Are you interested in contributing your expertise to writing some of the wiki entries? contact: dean.giustini@ubc.ca
To browse other articles on a range of HSL topics, see the wiki index.
Introduction
See also Open access in Canada, Open data and Research for librarians - portal
- "...if we are going to continue being relevant in the age of Google and Google Scholar, we need to move beyond the document and facilitate access to the increasing amounts of data that is being made available on the web. ..." (Stuart, 2010)
- "... data curation is the "active and on-going management of data through its lifecycle of interest and usefulness to scholarly and educational activities across the sciences, social sciences, and the humanities ... it is an emerging field that brings new opportunities and challenges for libraries. The growing movement to effectively manage, archive, preserve, retrieve and reuse research data is one that compliments traditional library missions to preserve and access information..."

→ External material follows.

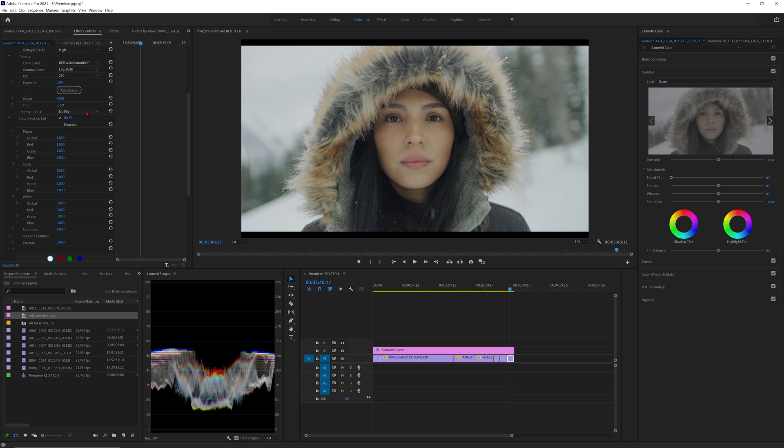You'll notice we also have a creative 3D LUT option here. This will populate with the LUT if one was used in camera. If that is the case you might not need to apply one of the IPP2 output transform LUTs. Usually this will be easy to tell because your image will most likely not be coming in as log. However it is important to know that this LUT is being applied very early in the image pipeline. So if this LUT say brings everything up two stops and ends up clipping your highlights, you won't be able to retrieve those highlights using the Lumetri color panel.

Data management is a process of ensuring the accuracy, accessibility, security and storage of data and other digital files; its archival aspect is often referred to as data curation. In fulfilling curatorial and preservation responsibilities, academic libraries can take more responsibility for the coordination of data management and be part of the long-term institutional needs of faculty members and researchers. Will this data be available for analysis by other researchers? Can it be used for other data mining purposes?
What do we mean by research data and data curation?
"...data curation is the active and on-going management of data through its lifecycle of interest and usefulness to scholarship, science, and education; curation activities enable data discovery and retrieval, maintain quality, add value, and provide for re-use over time..."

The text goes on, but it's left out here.